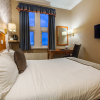 Отель Muthu Westcliff Hotel (Near London Southend Airport), фото 6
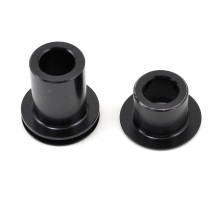 Адаптер для втулки Sram AXLCAP SET 9/10 RM60/50, RL50 R142/12TA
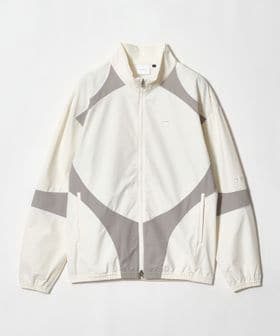 TaylorMade/【WEB限定】＜TaylorMade＞ユニセックス HERITAGE―90 COLLECTION フルジップ ジャケット/ブルゾン ストレッチ・撥水・UV/その他コート / ブルゾン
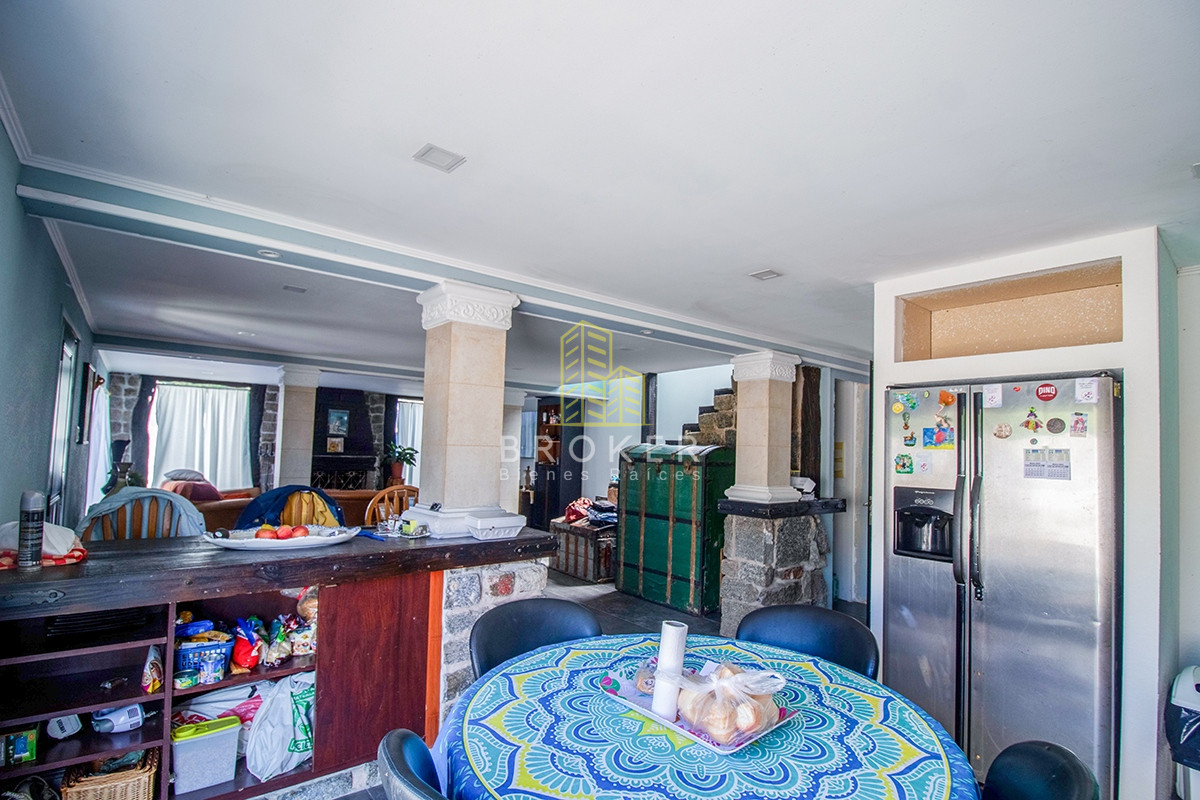 Casa ID.1098/Alquiler_de_casa_en_Balneario_Buenos_Aires._Punta_del_Este,_Uruguay. - Alquiler de casa en Balneario Buenos Aires. Punta del Este, Uruguay.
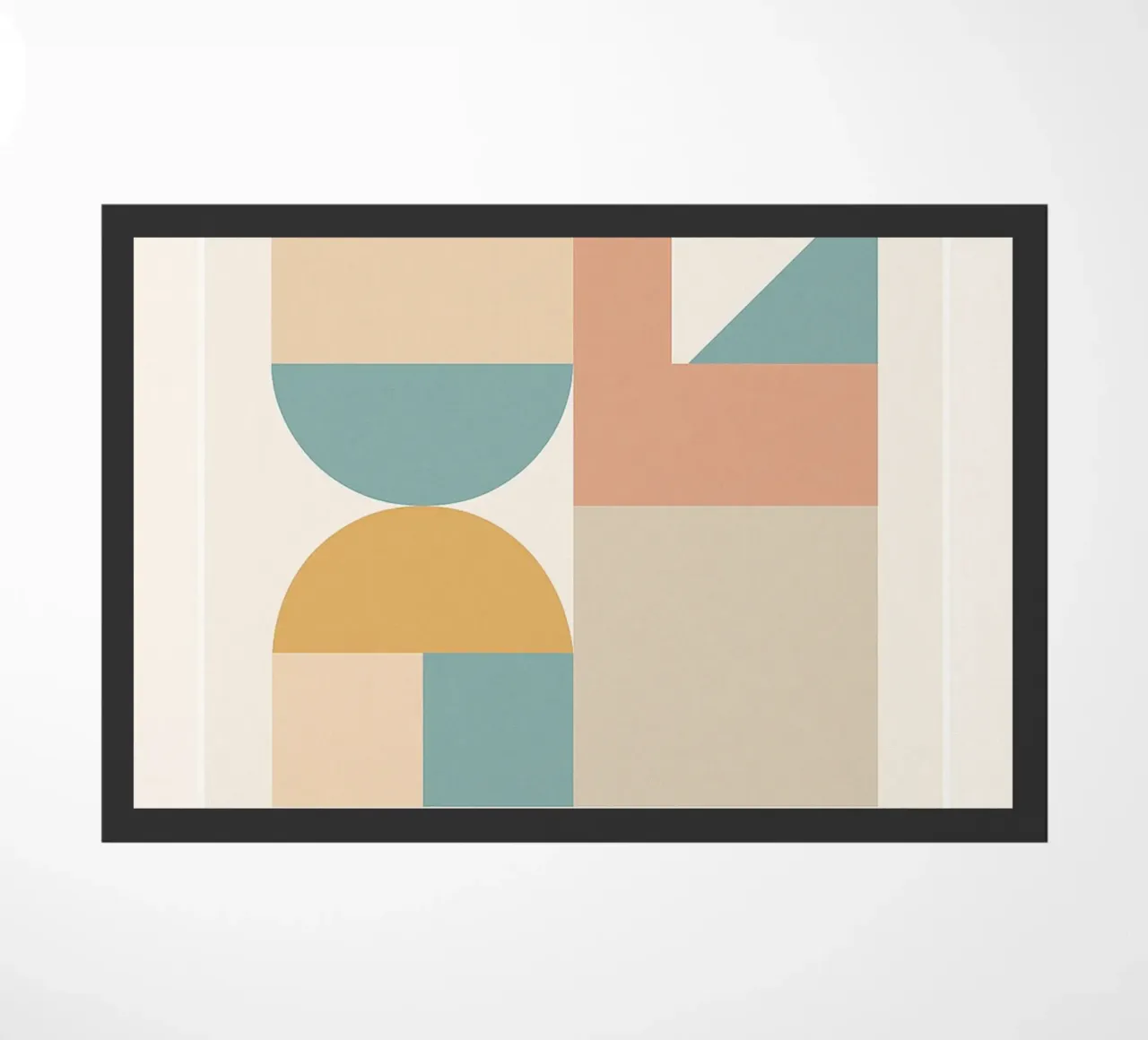 Trust zerbino da Studio M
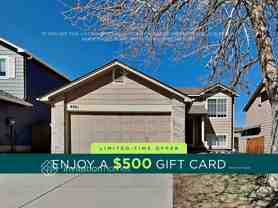 4861 N Silverlace Dr - Photo 1 of 1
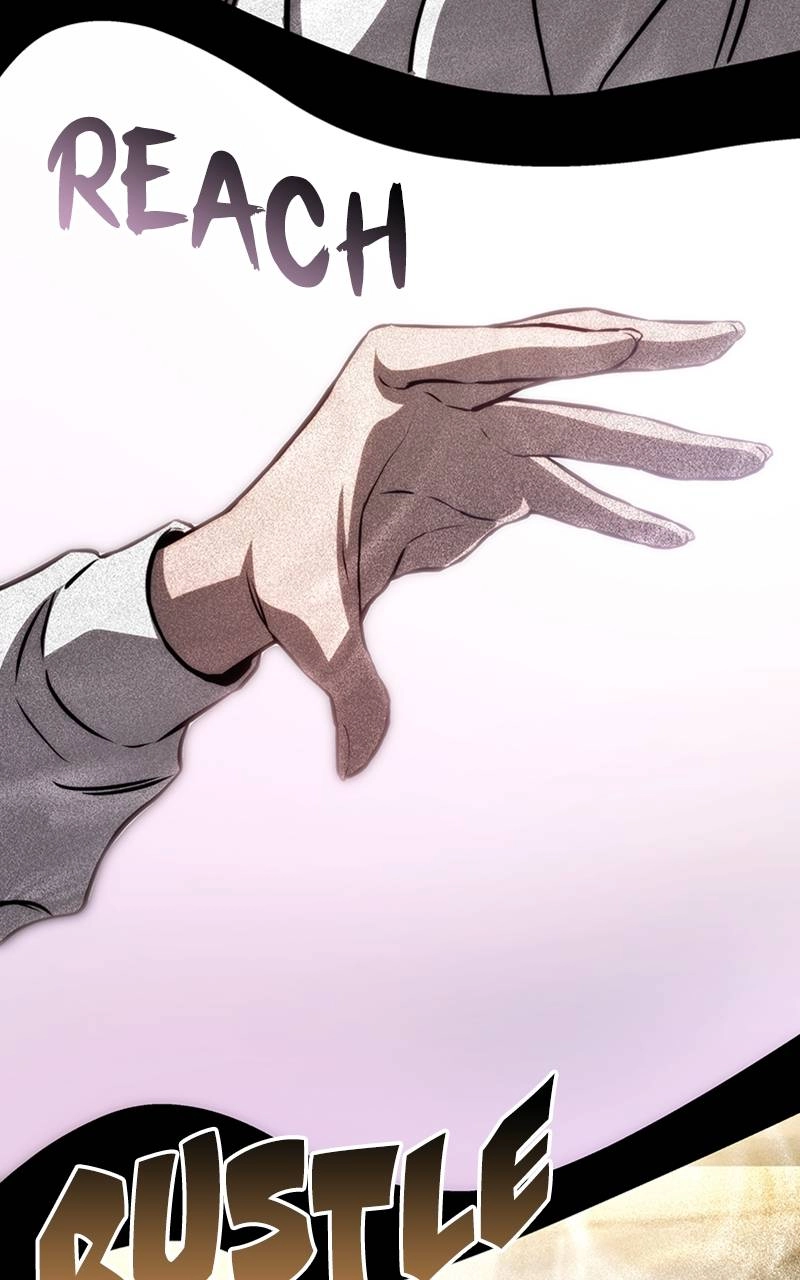 Kill The Dragon Chapter 71 Page 75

## Instructions for the task
The answer must be the part of the records that opens with the line containing "Адаптер для втулки" and closes with the line containing "TaylorMade/【WEB限定】＜TaylorMade＞ユニセックス HERITAGE―90 COLLECTION", reproduced exactly, with no pictures.

## Written solution
 Адаптер для втулки Sram AXLCAP SET 9/10 RM60/50, RL50 R142/12TA
 TaylorMade/【WEB限定】＜TaylorMade＞ユニセックス HERITAGE―90 COLLECTION フルジップ ジャケット/ブルゾン ストレッチ・撥水・UV/その他コート / ブルゾン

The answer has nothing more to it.